Nevertheless Kerry, who was on a visit to Colombia, reiterated that "The United States of America views all of the settlements as illegitimate.”
Earlier on Monday, State Department spokeswoman Jen Psaki condemned the Israeli construction, saying, "Our policy has not changed. We don't accept the legitimacy of continued settlement activity."
Russia described the Israeli move as "a counterproductive step that complicates the atmosphere of the talks," referring to the newly restarted peace talks between Israel and the Palestinian Authority.
A spokesman for United Nations Secretary General Ban Ki-moon also re-stated his long-standing opposition to continued Israeli construction.

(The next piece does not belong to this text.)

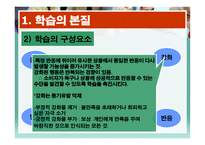 학습과 소비자 행동1-9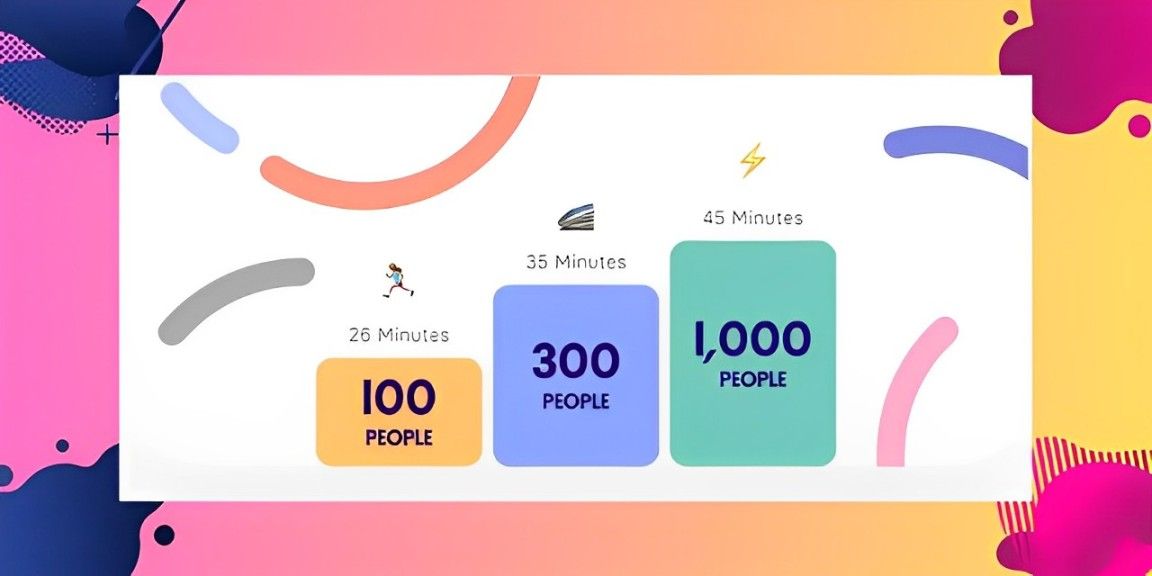 PSi app allows thousands of people to talk about and decide what are the impactful ideas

"Settlements in the occupied territories are illegal, they have been and they continue to be illegal," Eduardo del Buey said.
Also on Monday, the European Union denounced the proposal for construction in Judea and Samaria and parts of Jerusalem beyond the 1949 Armistice Line.
The EU insisted that Israel and the Palestinian Authority should "avoid any actions which would halt negotiations.”
Housing Minister Uri Ariel (Bayit Yehudi) declared on Sunday that Israel will continue to build new homes in Jerusalem.
"Talks are taking place, but the main question is what they are talking about,” he said. “In the mean time, we will carry out our duty, which is to build. I do not see peace but rather an audacious Arab Spring, though I remain hopeful peace will break out."